How to complete this task >> Write out, word for word and with no pictures, each line below from the one containing "If you're trying" through the one containing "an option that", both included, and no other line.

Extracted material >>
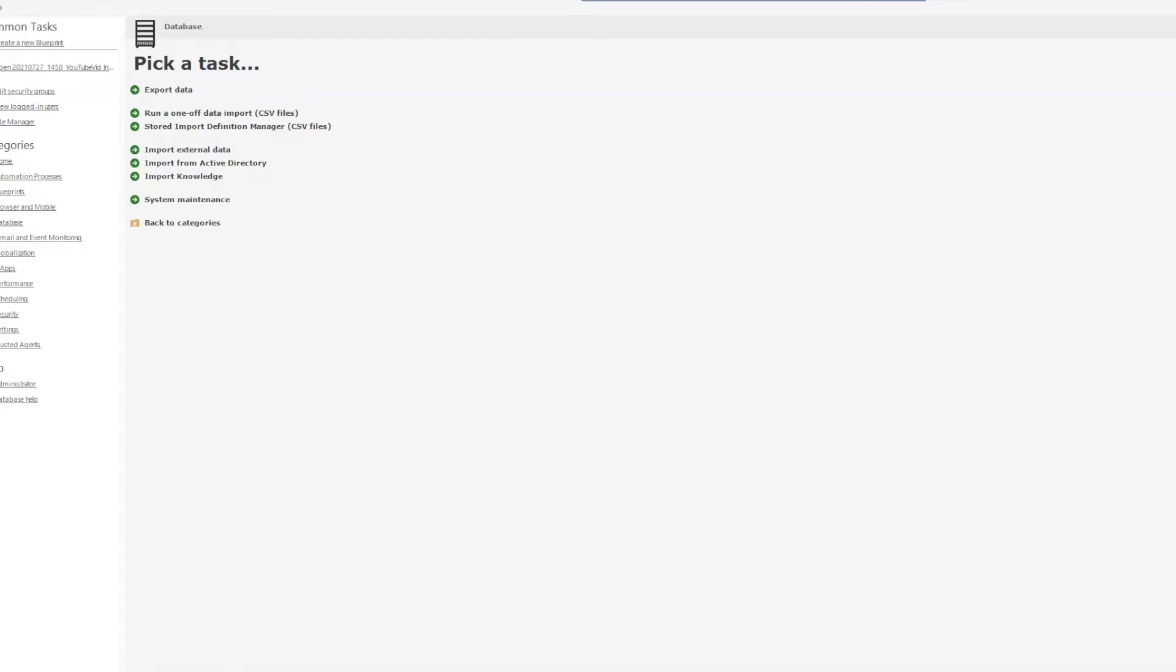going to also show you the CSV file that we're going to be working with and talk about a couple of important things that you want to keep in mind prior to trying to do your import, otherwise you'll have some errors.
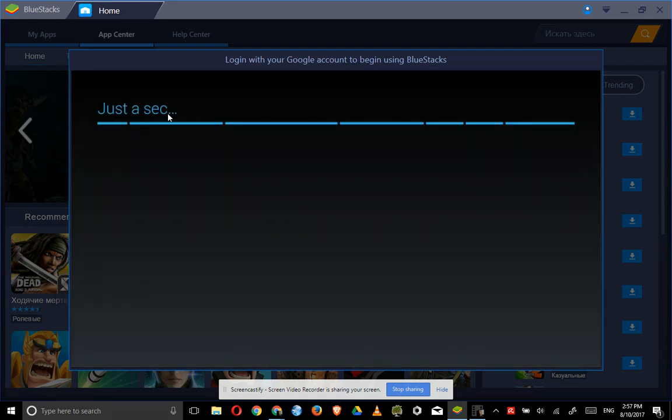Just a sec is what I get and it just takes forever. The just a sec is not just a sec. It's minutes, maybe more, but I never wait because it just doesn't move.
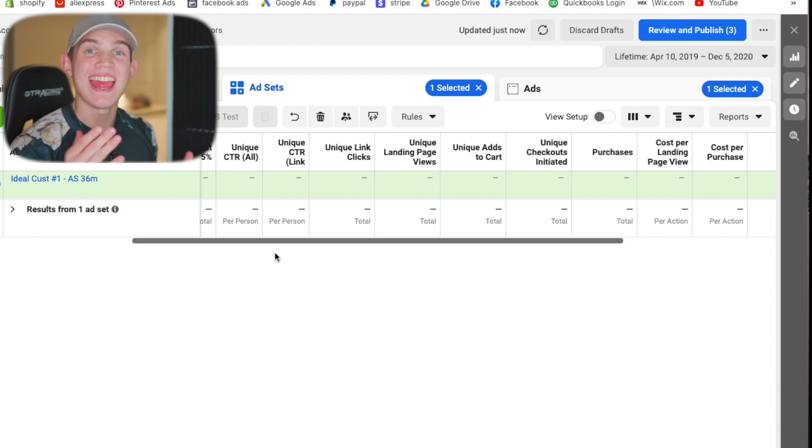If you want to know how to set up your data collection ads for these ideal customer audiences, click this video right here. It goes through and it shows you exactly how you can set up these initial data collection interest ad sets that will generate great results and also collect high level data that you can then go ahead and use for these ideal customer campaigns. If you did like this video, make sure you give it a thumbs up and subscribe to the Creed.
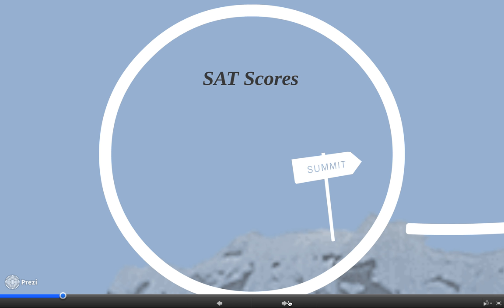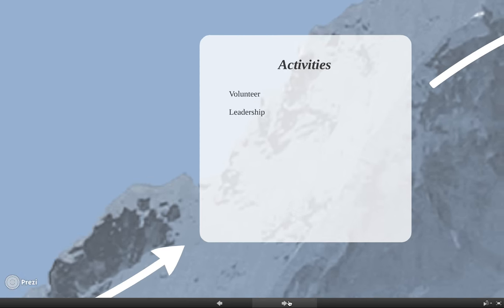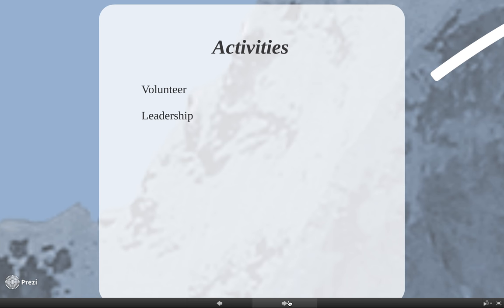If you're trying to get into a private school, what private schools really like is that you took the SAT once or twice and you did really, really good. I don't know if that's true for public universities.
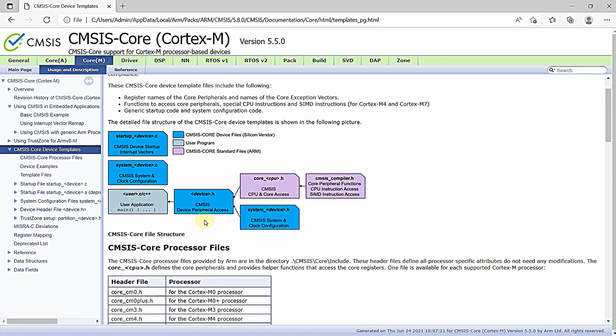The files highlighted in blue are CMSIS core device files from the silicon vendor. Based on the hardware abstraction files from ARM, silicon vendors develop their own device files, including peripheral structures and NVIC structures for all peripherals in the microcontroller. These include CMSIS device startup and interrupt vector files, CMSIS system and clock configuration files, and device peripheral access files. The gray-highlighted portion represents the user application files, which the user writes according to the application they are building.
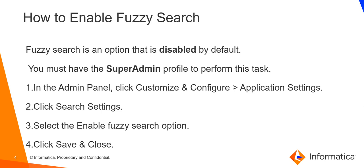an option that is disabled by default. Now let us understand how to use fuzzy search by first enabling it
...
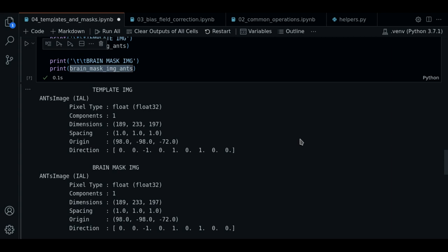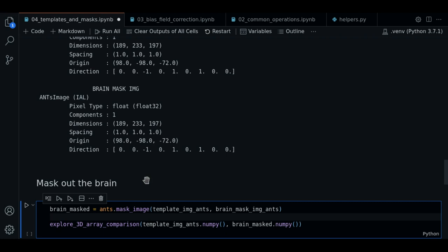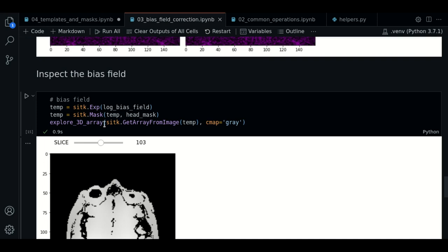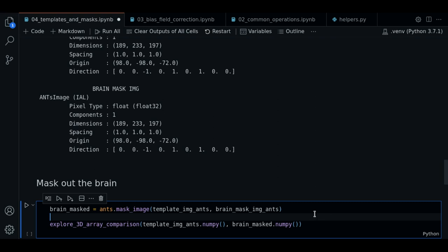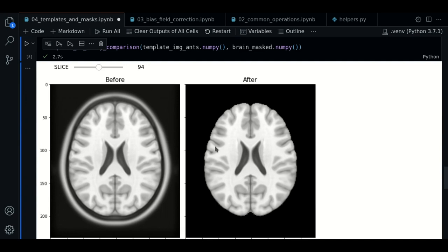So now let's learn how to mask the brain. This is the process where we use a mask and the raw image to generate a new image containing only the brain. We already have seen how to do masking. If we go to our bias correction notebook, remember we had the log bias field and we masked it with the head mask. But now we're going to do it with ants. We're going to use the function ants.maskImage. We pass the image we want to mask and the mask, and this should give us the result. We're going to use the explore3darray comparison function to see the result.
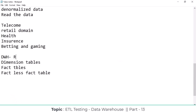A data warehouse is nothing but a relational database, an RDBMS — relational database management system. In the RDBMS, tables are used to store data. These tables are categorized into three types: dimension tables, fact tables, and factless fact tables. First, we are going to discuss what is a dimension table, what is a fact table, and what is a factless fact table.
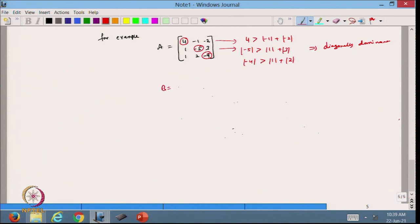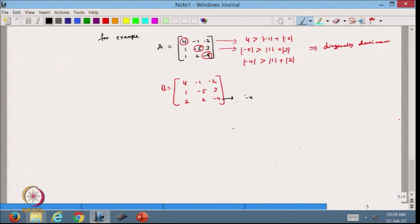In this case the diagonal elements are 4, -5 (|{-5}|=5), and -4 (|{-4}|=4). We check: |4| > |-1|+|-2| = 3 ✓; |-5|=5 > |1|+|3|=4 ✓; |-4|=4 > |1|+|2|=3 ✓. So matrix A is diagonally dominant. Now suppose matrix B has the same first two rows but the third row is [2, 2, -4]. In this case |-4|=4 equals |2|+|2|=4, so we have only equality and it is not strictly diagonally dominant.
==
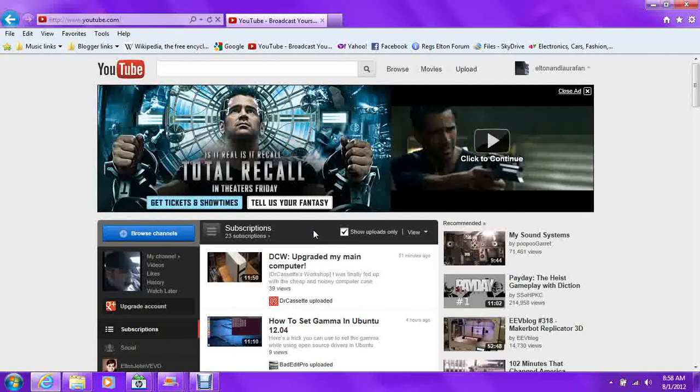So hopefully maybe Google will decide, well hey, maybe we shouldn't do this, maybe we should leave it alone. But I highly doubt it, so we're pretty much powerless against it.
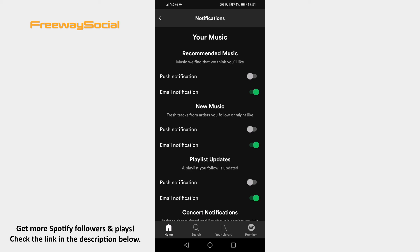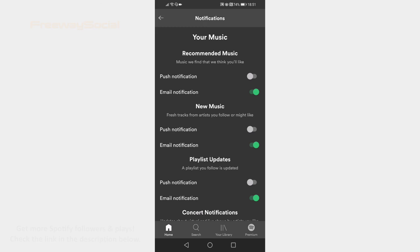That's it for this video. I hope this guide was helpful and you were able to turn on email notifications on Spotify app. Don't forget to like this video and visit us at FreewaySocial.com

Answer section >>
If you're trying to get into a private school, what private schools really like is that you took the SAT once or twice and you did really, really good. I don't know if that's true for public universities.
The files highlighted in blue are CMSIS core device files from the silicon vendor. Based on the hardware abstraction files from ARM, silicon vendors develop their own device files, including peripheral structures and NVIC structures for all peripherals in the microcontroller. These include CMSIS device startup and interrupt vector files, CMSIS system and clock configuration files, and device peripheral access files. The gray-highlighted portion represents the user application files, which the user writes according to the application they are building.
an option that is disabled by default. Now let us understand how to use fuzzy search by first enabling it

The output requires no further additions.